TASK DIRECTIONS
Retype the listing below line for line, but only from the line with "nude young woman" down to the line with "A vast dark", inclusive. Pictures stay out.
DATASET CONTENT Block Start
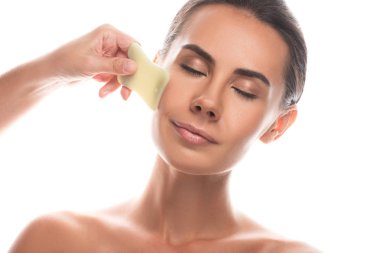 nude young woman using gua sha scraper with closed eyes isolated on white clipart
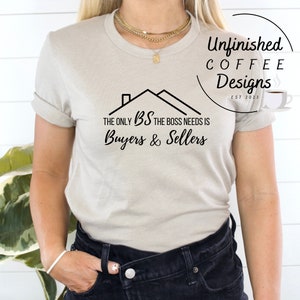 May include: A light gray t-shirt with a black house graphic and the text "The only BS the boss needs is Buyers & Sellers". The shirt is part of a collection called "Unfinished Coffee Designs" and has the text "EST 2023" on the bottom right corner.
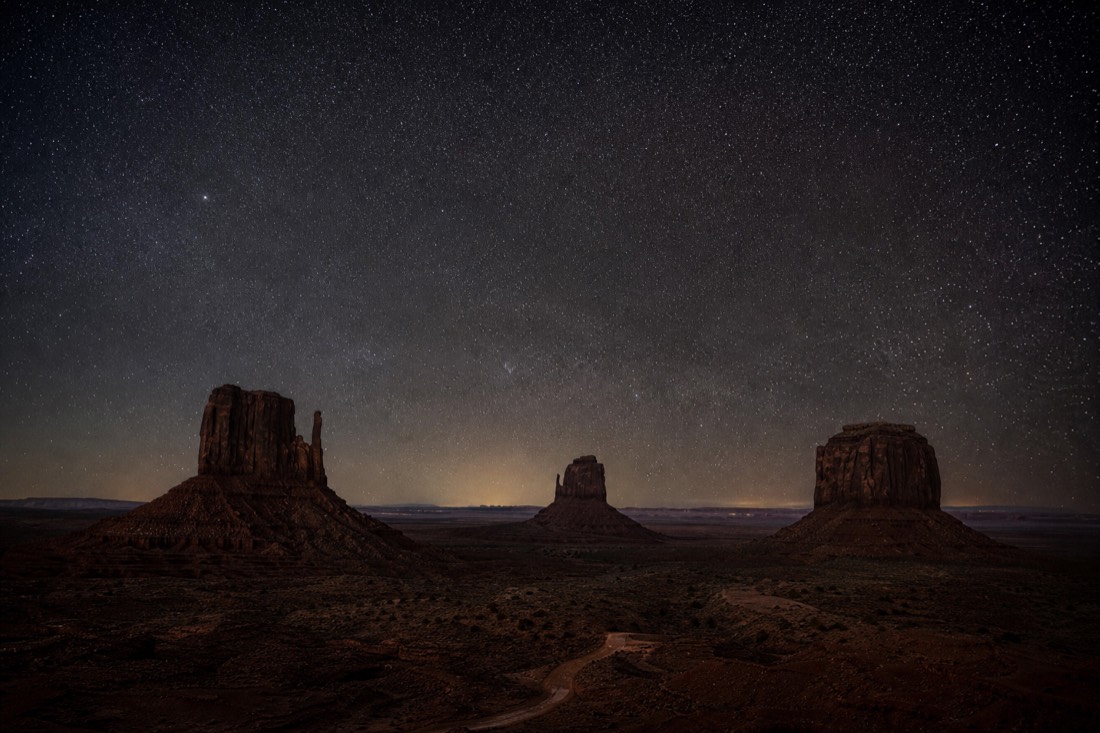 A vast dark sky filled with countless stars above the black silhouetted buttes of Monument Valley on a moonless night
DATASET CONTENT Block End
DATASET CONTENT Block Start
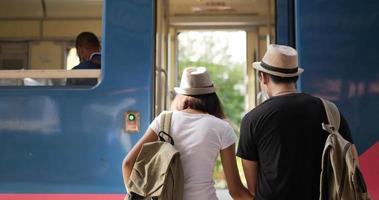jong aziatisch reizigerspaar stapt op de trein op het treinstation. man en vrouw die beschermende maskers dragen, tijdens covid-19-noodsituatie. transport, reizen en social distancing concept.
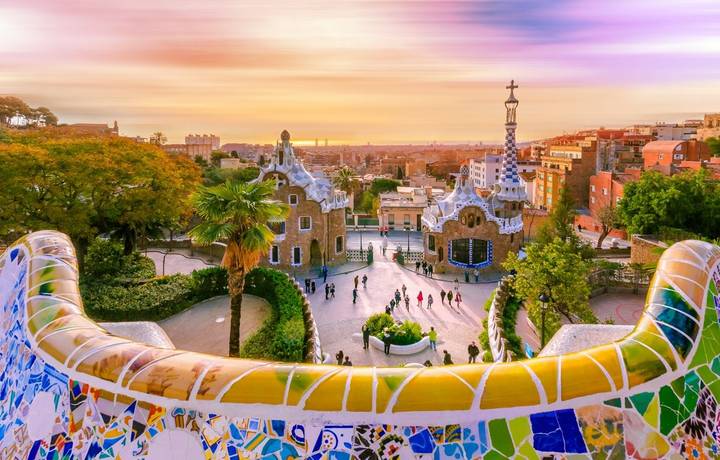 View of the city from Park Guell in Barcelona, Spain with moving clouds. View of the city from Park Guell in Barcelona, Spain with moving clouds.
DATASET CONTENT Block End
DATASET CONTENT Block Start
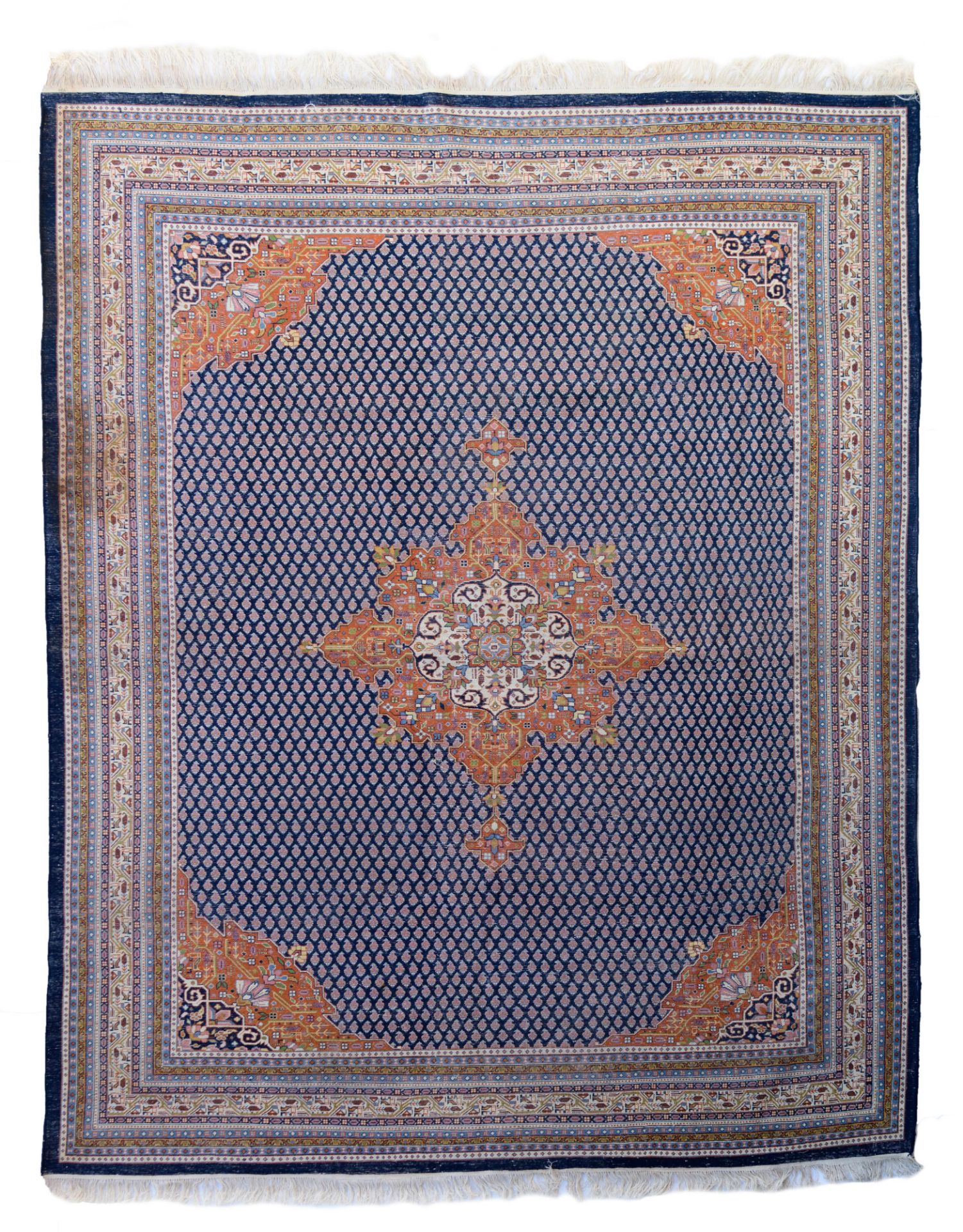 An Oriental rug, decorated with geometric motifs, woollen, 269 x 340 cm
DATASET CONTENT Block End
RESPONSE TO THIS TASK
 nude young woman using gua sha scraper with closed eyes isolated on white clipart
 May include: A light gray t-shirt with a black house graphic and the text "The only BS the boss needs is Buyers & Sellers". The shirt is part of a collection called "Unfinished Coffee Designs" and has the text "EST 2023" on the bottom right corner.
 A vast dark sky filled with countless stars above the black silhouetted buttes of Monument Valley on a moonless night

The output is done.